I don't have any specific advice other than to say what you have done is normal enough for quite a lot of people.  A friend in a rural area has just recently returned to work outside the home after ~ 7 years with 3 kids, so it is possible.  I myself had to take an enforced career break over 3 years ago due to illness, so in terms of getting a job, it is challenging.  Its a matter of selling yourself to a prospective employer that you are the best person for that job and do whatever is necessary re upskilling and networking.


----------



## Gerry Canning (14 Jan 2014)

Xsue. Quote {ridiculous in hindsight}to stay at home. 

Ask yourself ,
1. Did you see your kids grow up and enjoy the various milestones/tribulations? 
2.Would you have preferred to be rushing to off-load them @ the Creche ,to hasten to work? 3.Wouldyou have preferred the rush of collecting them before 6 from the Creche?
4. Would (had you kept working) be regreting the lost times with your children? 
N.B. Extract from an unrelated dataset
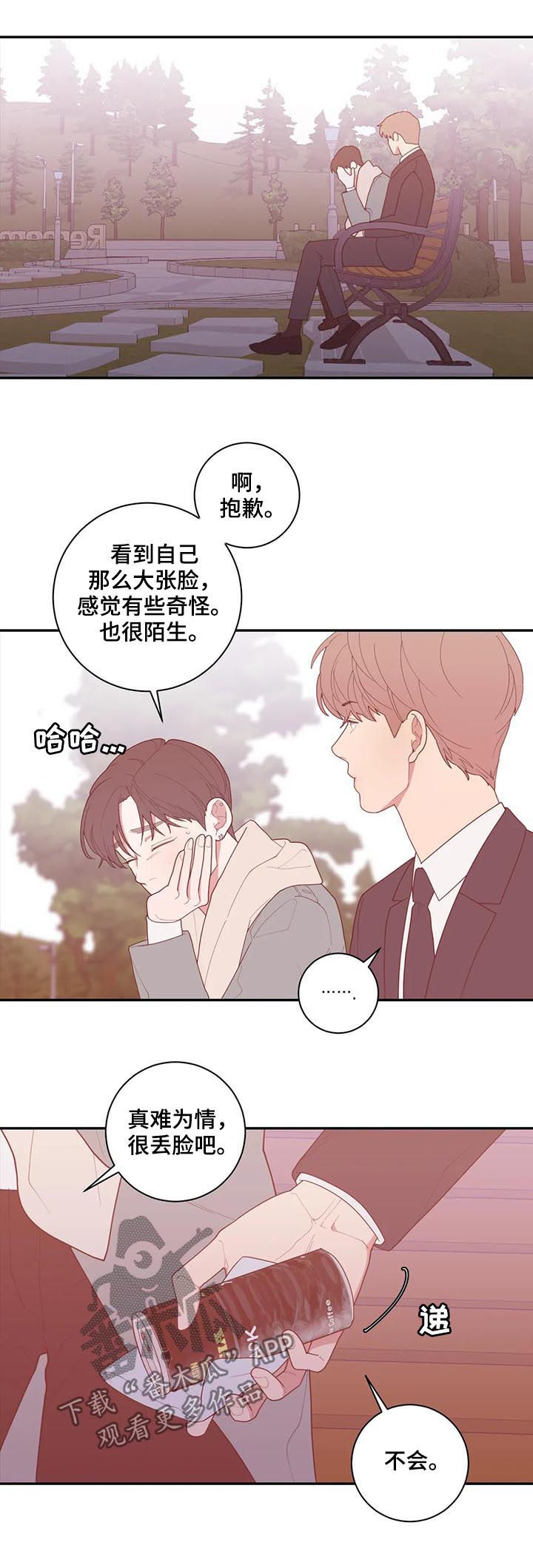 观后感1000字大全漫画,第165章：花束5图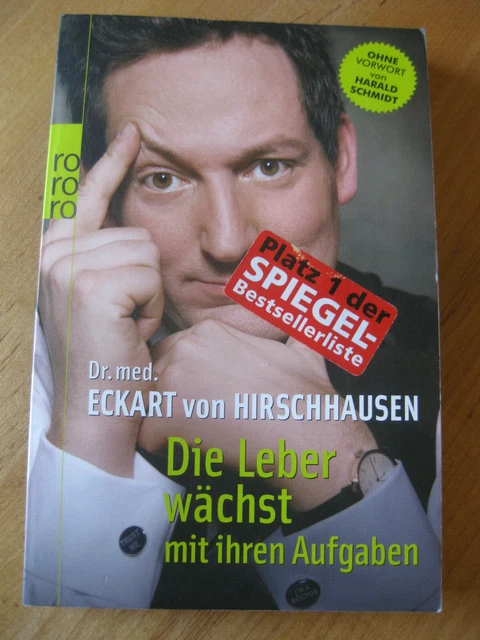 DIE LEBER WCHST Mit Ihren Aufgaben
I suppose we always see the other journey as better . 
For me I think the children and memories come ahead of this thing we call (work).
To be clear ; I ain,t judging , just commenting.


----------



## Purple (14 Jan 2014)

Gerry Canning said:


> Xsue. Quote {ridiculous in hindsight}to stay at home.
> 
> Ask yourself ,
> 1. Did you see your kids grow up and enjoy the various milestones/tribulations?
> ...



I was thinking the same thing.


----------



## WindUp (14 Jan 2014)

Xsue - Would you consider childminding ?


----------



## Xsue (14 Jan 2014)

OF COURSE I can see how my children, myself and my husband have all hugely benefitted from my being at home for them. It was a decision based on how our situation worked at the time. But now we are in *this* situation and I feel somewhat marginalised because of those decisions we made at the time: for me staying at home and for my husband being self employed (in the good old days he employed 6 people - small enough but significant in our area) - which seemed to be the best choice. 

I would have loved something like a classroom assistant and practically every small school in our area has advertised for one of these since September: ALL as a jobBridge job. One school principal rang me to let me know that they were looking for someone - as I had told her I was hoping to find a job this year - I cannot apply!! It's frustrating but I want to be sure I am doing all I can to improve my prospects - and it does help to hear that people do manage to get back out there; I am a fan of the JobBridge scheme (and apprenticeship schemes) in theory: just not when I (and my ilk) are excluded. Thanks for your replies.


----------



## eastbono (15 Jan 2014)

If your husbands earnings have fallen drastically you could apply for jobseekers allowance which is a means tested payment.  It will take some time to be assessed as your husband is self employed but even if you only get €10 pw from this after 78 days you will be able to apply for jobbridge places.


----------